With that in mind, it’s worth noting that many of the realistic-looking images of cars – and other products – seen online, in magazines and on television have been produced not using top-of-the-range digital camera technology, but with high-end 3D visualisation software.
Digital product visualisations are built on CAD data. 3D visualisations can be found everywhere – and the visualisation technique can be applied to any product, whether it’s an aeroplane, a car, a train, a T-shirt, a suit or a pair of trainers.
“We apply it across the value chain,” explains Roberto Schettler, Chief Executive of Dassault Systèmes’ high-end 3D visualisation brand, 3DExcite. “The use of digital vehicle marketing is increasing, and we provide the relevant software and creative services.”
The marketing and sales processes begin long before vehicles are built. “We feed marketing with product visuals based on the data from the design and development process. Once you go deeper into the sales space, that’s where OEMs usually use online car configurators to promote their products to the full. Cars are of course very visual. You go online to configure your chosen car, adding minute details to your vehicle, right down to the colour of stitching on the seats.
“This kind of experience already happens at manifold points of sale and in virtual showrooms, and in the future, people will experience more life-sized cars in dealerships of all kinds. There are various concepts, from virtual tours where you can sit virtually in the car, walk around it and experience all the different aspects of the car, up to X-ray views that reveal the vehicle’s workings.” Sounds familiar? 3DExcite supported Audi when the OEM created its Audi City line of stores in London.
So, how does it work? “First of all, we provide 3D visualisation software. Our core product is called Deltagen. In addition, we have a product called Picturebook for asset management and automation, and a number of different visualisation products. At the other end, we offer creative services with a focal point on CGI stills and movies. And in-between the two, our solutions team takes those software portfolio and artistic capabilities and merges them together in solutions, whether that’s at the point of sale or for engineering.”
Car configurators need constantly to be fed with new data and images – at least every six months, agrees Schettler, due to face-lifts and model updates. And the field is becoming competitive. “But there is nobody like us – we combine all the required capabilities under one roof,” he explains. “That’s why we are the leading company in the field of visual configurators for web, dealerships and mobile applications. There are literally thousands of such systems out there in the showrooms across many brands, and we are the only company that has this industrial strength to carry-out projects from A to Z.”
Not only do configurators need to be kept up to date, they need to be accurate, and they need to be easy to update, notes Schettler. “That’s where the industrial processes come in and that’s where the solution team also acts on building a data pipeline that hooks up to the engineering processes, taking the latest CAD data to help create a 3D model that represents the true product, digitally. When the next update of the product comes around, the model year update for a car for instance, you just exchange the few aspects in the master model that have changed, instead of rebuilding the whole thing. This is where you save cost, and that’s where our strength lies.”

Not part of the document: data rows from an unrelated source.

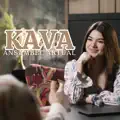 Kava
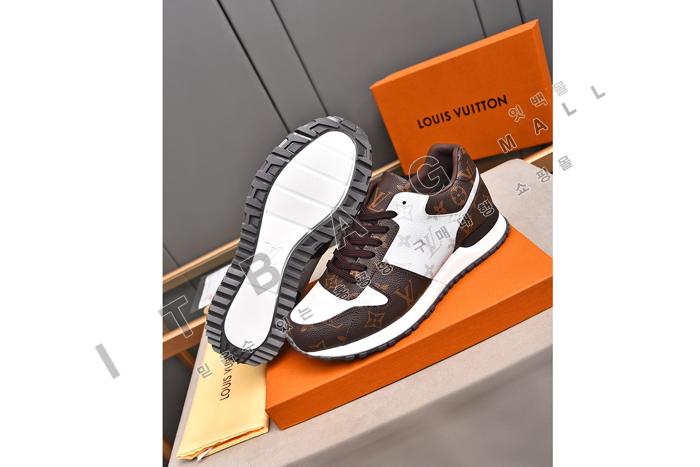 ���̺��� �� ����� ���� ����Ŀ�� MYB9513-1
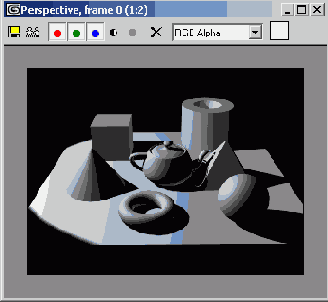 ��������� ���� �����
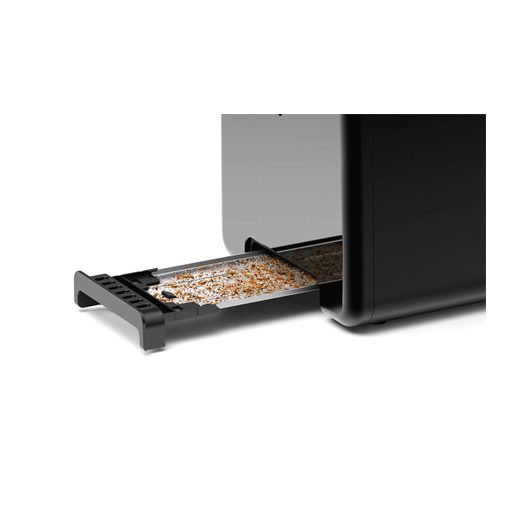 Bosch KENYÉRPIRÍTÓ TAT3P423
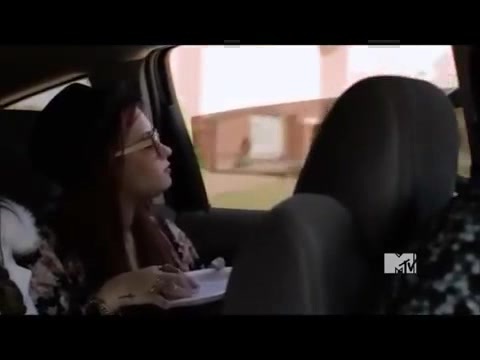 Demi Lovato - Stay Strong Premiere Documentary Full 23848 - Demi - Stay Strong Documentary Part o43
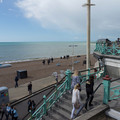 dsc04324jpg_7142435247_o.jpg
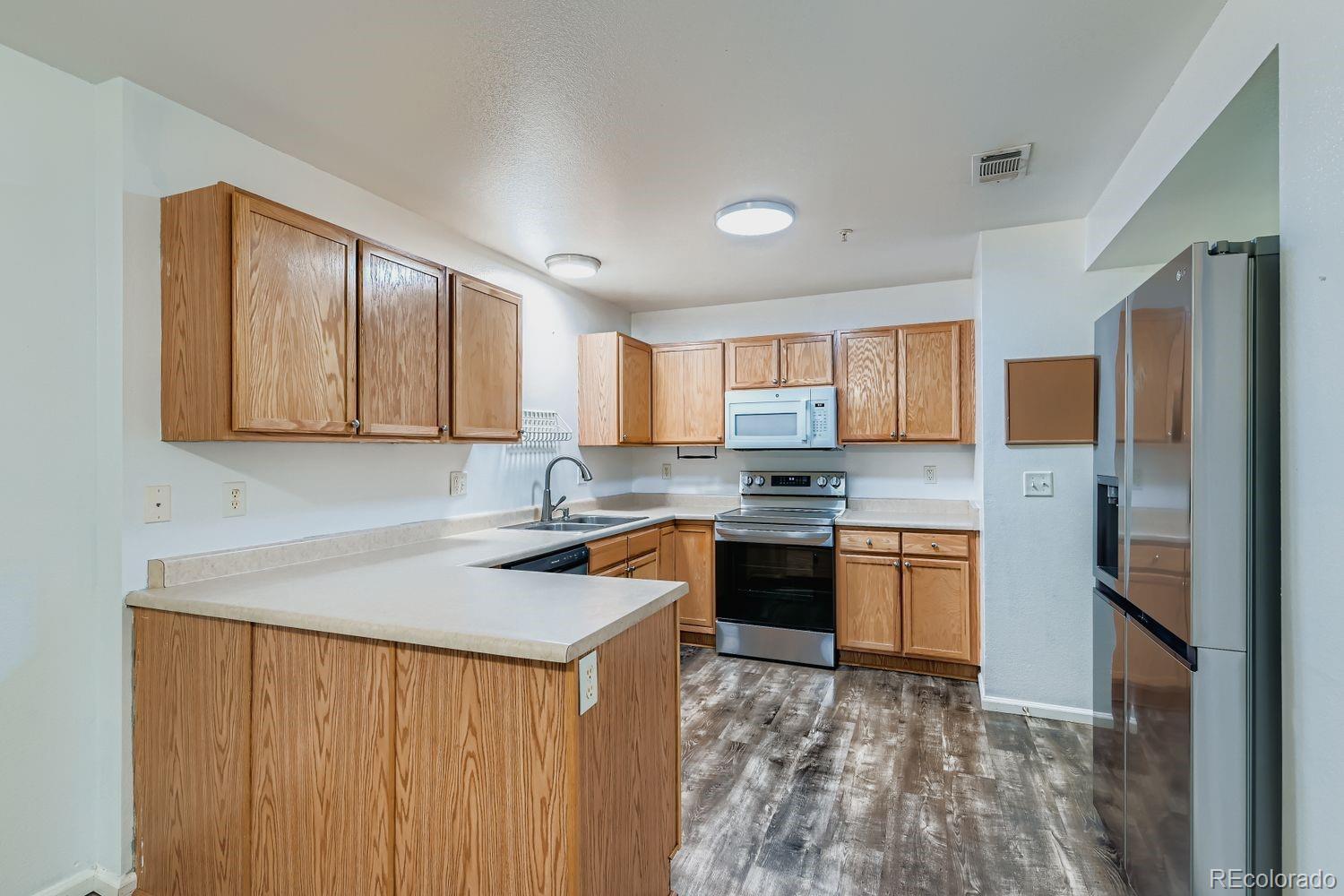 MLS Image #5 for 2900  purcell street d1,brighton, Colorado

In addition to its marketing work, 3DExcite provides solutions for designers and engineers, such as 3D crash visualisation. “We take crash simulation data and add our capabilities to create a movie or stills that show the crash as if in real life. When we think about cars, we think about beautiful surfaces that shine. When we experimented with crashed cars, we realised what huge potential lies in the implementation of very accurate and lifelike 3D visualisation in crash test analysis.”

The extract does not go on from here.